Abrams Berufung und Zug nach Kanaan

1 Und der HERR sprach zu Abram: Geh aus deinem Vaterland und von deiner Verwandtschaft und aus deines Vaters Hause in ein Land, das ich dir zeigen will.

2 Und ich will dich zum großen Volk machen und will dich segnen und dir einen großen Namen machen, und du sollst ein Segen sein.

3 Ich will segnen, die dich segnen, und verfluchen, die dich verfluchen; und in dir sollen gesegnet werden alle Geschlechter auf Erden.

4 Da zog Abram aus, wie der HERR zu ihm gesagt hatte, und Lot zog mit ihm. Abram aber war fünfundsiebzig Jahre alt, als er aus Haran zog.

 

1.      Einleitung

Anweisungen, Befehle oder Anordnungen sind – bleiben wir ehrlich – in unserer Gesellschaft häufig nicht das Papier oder die Whatsapp wert, auf dem Sie beschrieben werden.

Versuche Sie mal Ihren Kindern einen Befehl oder eine Aufforderung zum Esseneinkaufen, dem Staubwischen oder auch nur zum Auffüllen der Getränkekiste zu geben.

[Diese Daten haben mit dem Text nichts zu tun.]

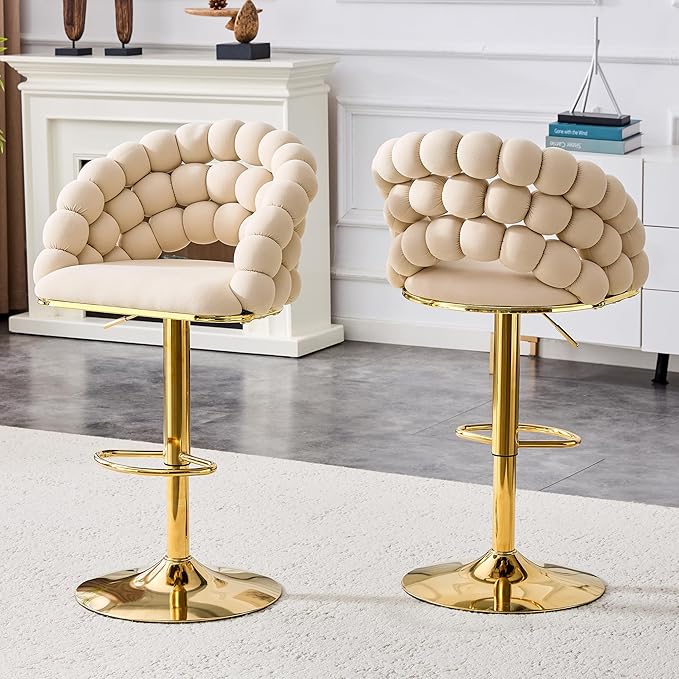 Set of 2 Beige Puffy Bubble Chair Ball Chain Chair Velvet Bar Stools with Gold Legs, Tufted Adjustable Bar Chairs for Kitchen Island Home Bar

Ebenso ist das Thema zäh, wenn Sie schon etwas ältere Eltern haben. Das erlebe ich zumindest mit meiner Mutter. So erweisen sich die Eltern in einem höchsten Maße widerspenstig, wenn man – natürlich nur im Guten – auf wesentliche Handlungsthemen hinweist oder einen Befehl ausspricht. „Mach weniger“ verhalt dabei ebenso ergebnislos im Orbit wie auch die Aufforderung an die Ex-Konfis die Küche ordentlich zu hinterlassen.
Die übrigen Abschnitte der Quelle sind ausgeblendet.